Next week is the fifth anniversary of a friend taking her own life. We all know the cliche of time being a great healer but it isn't. The emotions today are as raw as they were back then.
I can remember in vivid detail what happened the moment I found out. The text message came in and it was so blunt and to the point. The final sentence was 'She's gone' and it will stay with me forever. I didn't believe it at first and called the sender, my best friend, to ask what she was talking about. It was late at night, around 11pm, and I was living on my own in London. Our conversation was brief as we were both in shock and five minutes after I hung up I was crying like I'd never cried before. I phoned someone who didn't know my friend and sobbed down the phone at them saying that I couldn't believe what had happened.
The next morning is a total blur. I woke up, showered, got dressed, caught the train and went to work. I sat at my desk but instead of starting work I logged into Facebook. I began looking at photos of her and getting more and more worked up to the point of hysteria. A colleague walked by and said good morning. Thankfully it was a colleague I was friendly with because within seconds of her words coming out I broke down and all the emotion came out. I can't remember her taking me out of the building but I found myself sat on a wall outside the office on an incredibly busy street in the middle of the city with a cigarette in my hand which was so weird because I made sure never to smoke at work. I'd stopped screaming by that point and was calm but the tears were still coming so I sat there silently crying. I didn't care that people were looking at me as though I was some kind of lunatic, my friend was dead and at that moment it was the only important thing in the world. I don't recall the conversation I had with my colleague but whatever she said must have helped because she snapped my brain back to reality. What the hell was I doing still in London and why the hell was I at work. I went to the head of the department and said I had to take some time off at short notice and then I left. Within an hour I'd gotten back to my flat, packed a bag and got in my car to head to my home town.

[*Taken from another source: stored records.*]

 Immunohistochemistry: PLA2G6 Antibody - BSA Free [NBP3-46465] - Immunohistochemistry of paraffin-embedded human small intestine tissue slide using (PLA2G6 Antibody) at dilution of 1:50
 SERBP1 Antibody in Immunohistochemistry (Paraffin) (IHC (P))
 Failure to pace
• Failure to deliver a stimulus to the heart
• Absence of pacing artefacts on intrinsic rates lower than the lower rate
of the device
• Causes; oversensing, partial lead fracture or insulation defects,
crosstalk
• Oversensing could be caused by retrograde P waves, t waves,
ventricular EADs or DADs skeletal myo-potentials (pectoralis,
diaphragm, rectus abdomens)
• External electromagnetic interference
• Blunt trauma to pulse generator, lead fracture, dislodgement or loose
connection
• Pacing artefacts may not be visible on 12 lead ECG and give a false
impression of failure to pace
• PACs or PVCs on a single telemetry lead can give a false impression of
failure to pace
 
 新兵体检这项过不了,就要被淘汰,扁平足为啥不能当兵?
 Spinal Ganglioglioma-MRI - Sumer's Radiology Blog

I went straight to the place where my group of friends were congregating. I remember people coming and going, I remember people crying and I remember the big joke about one of our group taking longer to get there from the other side of town than it had taken me to get there all the way from London. I was there for a few days but I can hardly recall a single solid thing, it's like those days are gone from my memory. I know we talked about her and shared stories but that's it. I think we were all just so stunned. I'd been talking to her only a couple of days before hand about arranging a stripper for our youngest friend as he was about to turn 18. She had plans, things to look forward to.

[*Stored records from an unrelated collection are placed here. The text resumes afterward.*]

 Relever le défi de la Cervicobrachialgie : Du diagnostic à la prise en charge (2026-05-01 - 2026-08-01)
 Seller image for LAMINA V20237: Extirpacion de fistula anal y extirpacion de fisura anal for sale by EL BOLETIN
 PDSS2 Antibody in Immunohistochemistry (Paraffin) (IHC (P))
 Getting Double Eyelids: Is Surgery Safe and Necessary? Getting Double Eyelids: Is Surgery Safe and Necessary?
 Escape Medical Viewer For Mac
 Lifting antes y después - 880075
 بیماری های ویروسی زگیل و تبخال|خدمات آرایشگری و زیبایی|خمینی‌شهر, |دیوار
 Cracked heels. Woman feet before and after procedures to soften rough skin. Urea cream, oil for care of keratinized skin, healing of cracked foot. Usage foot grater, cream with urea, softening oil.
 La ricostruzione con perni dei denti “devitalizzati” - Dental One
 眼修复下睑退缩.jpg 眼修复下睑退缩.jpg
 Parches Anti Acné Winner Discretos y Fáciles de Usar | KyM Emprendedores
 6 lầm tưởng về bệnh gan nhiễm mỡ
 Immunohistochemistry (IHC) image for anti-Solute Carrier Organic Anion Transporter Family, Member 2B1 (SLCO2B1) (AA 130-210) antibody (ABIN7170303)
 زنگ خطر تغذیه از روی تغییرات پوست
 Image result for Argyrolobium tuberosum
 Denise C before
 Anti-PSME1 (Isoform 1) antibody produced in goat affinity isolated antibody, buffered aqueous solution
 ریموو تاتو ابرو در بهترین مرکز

When I got back to London I sat on my bed and ate an entire tub of Ben & Jerry's Baked Alaska. I cried the whole time. And then the world started turning once more. Normal life resumed except it could never be normal again. My beautiful friend is dead.
Every year since then I've followed the same ritual. Every day in the week leading up to the anniversary I look at photos of her, I watch her YouTube videos and I listen to the song she was playing when she died. I feel so sad for her that it becomes a physical pain. Sometimes I get angry, sometimes I smile and sometimes I cry but whatever the reaction, it hurts so very much. I miss her.
I've purposely not revealed her name or how she died - her story is not mine to tell. What I will say though is that her death is down to depression. She was such a beautiful person inside and out. I know that is what everyone says but in this case it's the truth. She had a figure that people pay a lot of money to replicate and she loved kids, animals and her friends. She was always up for a good time and always had a smile on her lovely face. But the thing with depression is you can't see it and underneath it all she was hurting.
Her pain is now ours to carry. We have lost somebody special and we also have to live with the fact that we couldn't help her. Deep down we know its not our fault but it still doesn't make it any easier.
The impact of suicide was not new to me. My maternal grandmother took her own life many years before I was born. Again, depression was to blame. The ripples and aftershock of suicide travel through the years and can never be forgotten. They find ways of encroaching into happy times and tainting things. When something good happens and then you remember you can't share it with that person. The memories you have of that person become bittersweet. The death of my friend and the circumstances around it are just so tragic and it scares me to know that other people may be feeling what she did.
So much has happened in the last five years from world wide events to small personal victories. But every February I'm back in my tiny flat in London reading a text message with the worst possible news. It will be the same in another five years time. These emotions are never going to go and in a twisted kind of way, I like it. It means I'll never forget her.